Tell me about math's. Anything. I'm so curious
Okay! I will tell you about one way we can test for holes in a topological space!
I will first clarify what I mean by a loop because it's important to be precise and they are the star of this show! A loop in a topological space X is continuous map from the interval [0,1] to X which starts and ends at the same point.
To motivate our test we shall look at two examples!
First imagine a plane (ℝ²). Intuitively this has no holes. If we consider a loop in the plane we can imagine shrinking this loops down to a point. This is sort of like placing a rubber band on a table and squishing it down as close as you can (except rubber bands have a physical limitation. Even if you can keep squishing it, you'd eventually make a black hole). It's important to point out that the loop lives in the space rather than on top of it like a rubber band on a table.
Now imagine an annulus (see picture)
This obviously has a hole in the middle. Now we can consider loops in an annulus. We can think about two kinds of loops!
The first kind doesn't go around the hole and we can still shrink these to a point. The other kind goes around the hole and when we try to shrink it, it snags on the hole.
So the idea is that we can find the presence of a hole in a space by shrinking loops to see whether they can be made into a point or not. We can adapt the rubber band analogy by adding the extra rule that the rubber band must always touch the table at all its points. So if we were to cut a hole into the table, we would no longer be able to shrink the rubber band.
Let's try another example! We shall look at a torus. This is the surface of a ring doughnut (that is, it doesn't have anything on this inside).
First consider the red and green loops. All we can do with these is move them around the tube. We can't shrink them. Similar, we can't shrink the orange and blue loops. We also can't deform a blue/orange loop into a green/red loop and vice versa! So a torus must have some holes!
One thing that might seem weird is that holes can have different dimensions! The part of our space which bounds the hole can have a different dimension which means the hole is fundamentally different. In this context the dimension of a space is to do with what the space locally looks like. That is, if you were to zoom in closely the space would sorta look like a flat Euclidean space, i.e. a line or a plane or 3D space etc. For example, the torus is 2 dimensional since locally it looks like a plane. A circle is 1 dimensional since locally it looks like a line. Another way to think of this is how many different independent directions could you walk if you lived in that space. Another example is the sphere, think the surface of the earth. This is two dimensional because we only require two numbers to describe positions on it!
The reason I bring this up is our test can't always detect the presence of holes! This is because our test is great at picking up on 1 dimensional holes, but it doesn't always detect higher dimensional holes. A good example here is the sphere. We can always shrink a loop on a sphere but it's fairly easy to see that the sphere bounds a region that isn't a part of the sphere itself. There is a 2 dimensional hole in the sphere.

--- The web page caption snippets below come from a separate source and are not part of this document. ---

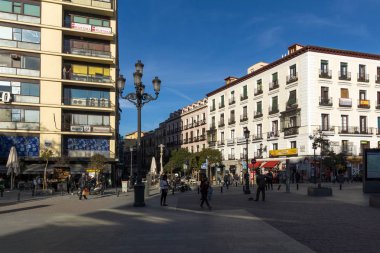 Madrid, İspanya - 23 Ocak 2018: Plaza de Jacinto Benavente Madrid şehir, İspanya ziyaret turist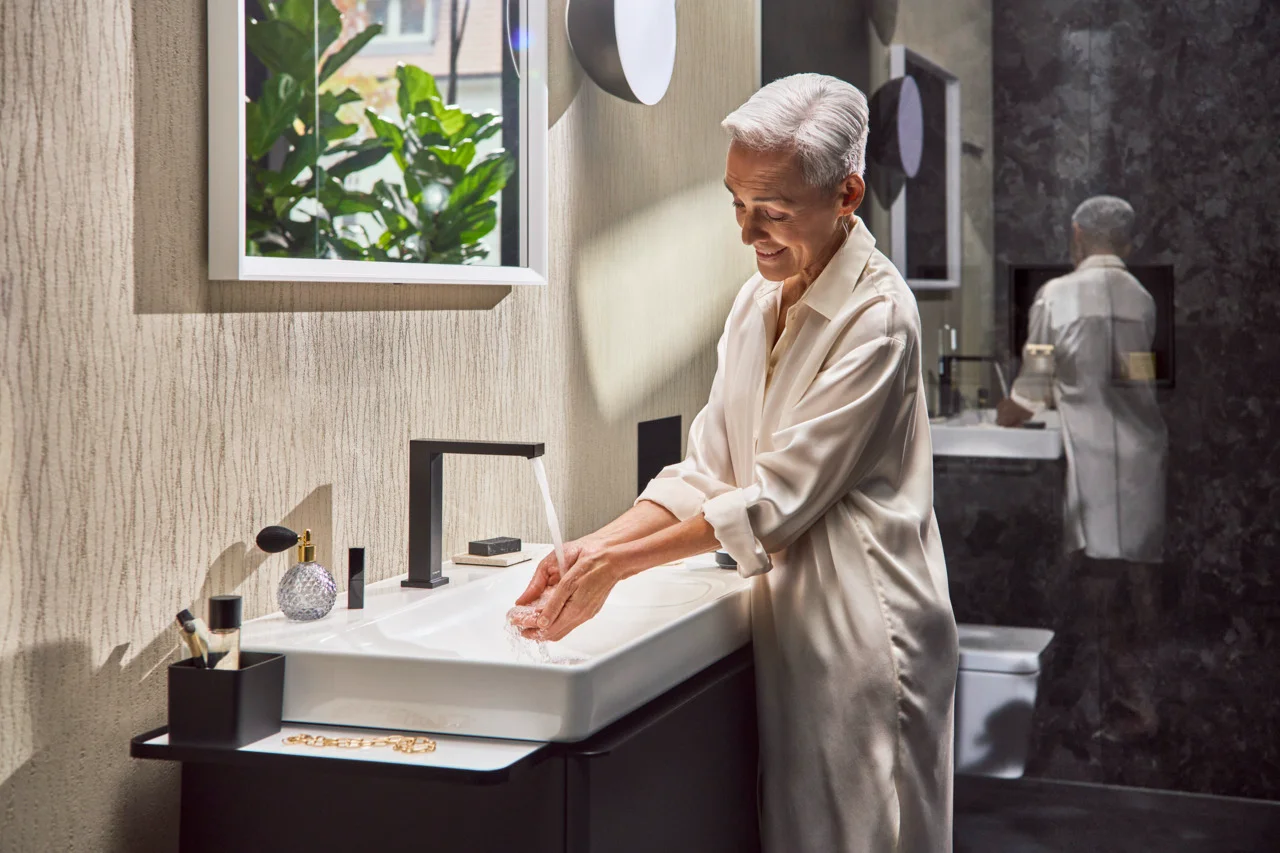 Hansgrohe Xarita E Spiegel 800/700/50 mm mit LED-Beleuchtung, IR-Sensor, Mattweiß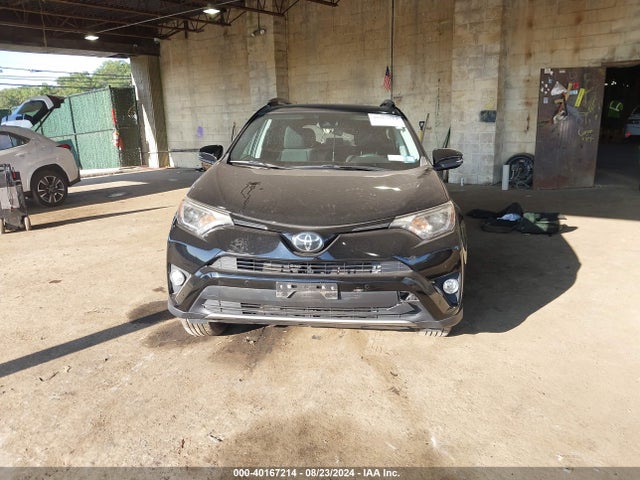 Toyota Rav4 Xle 2017 2T3RFREV1HW641826 Image 12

One more neat thing we can do with loops in spaces is we can use them to define a nice algebraic structure! By algebraic structure, I mean anything that involves a set and an operation between elements of that set which produces another element of that set. An example of this is the integers with addition. We can add two integers to get another integer. The integers have some nice properties. There is an element 0 such that 0+n=n+0=n. We can also take inverses, i.e. we for any integer n there exists another integer m such that n+m=0. We also have a property called associativity. This is the rule that says (n+m)+k=n+(m+k). This makes the integers what's called a group!
We can make a group using loops in a topological space! We first pick a basepoint which every loop will start at. Then we define out operations on the loops to be concatenation. That is, given two loops f and g, we define f*g to be the loop we get by first going around f then going around g. We also have the added rule that we consider loops that can be deformed into each other to be the same. The identity element is the constant loop, i.e. the loop e such that e(t)=x for all values of t, where x is our basepoint. The group that we get is called the fundamental group (kinda pompous but it really is important!).
We can see an example of this using the annulus from earlier! We can consider an anticlockwise loop around the hole to correspond to the number 1. We can get successive positive numbers by going around this loop the right number of times! We get negative numbers using clockwise loops! (Equally we can make clockwise loops correspond to positive numbers and anticlockwise to negative numbers).
The fundamental group turns out to be a very powerful tool! It turns out that if topological spaces have different fundamental groups they can't be the same space (strictly speaking, they can't be homeomorphic or even homotopy equivalent). And we can prove some useful results using fundamental groups too!
This is all formalised in the area of maths called Algebraic Topology (the area I hope to do research in!). Making this all rigorous is no easy task (I have written a few formal posts about it on my maths blog!)
This was a lot longer than I had planned originally haha. I've been writing for about an hour and a half. I hope you find it interesting!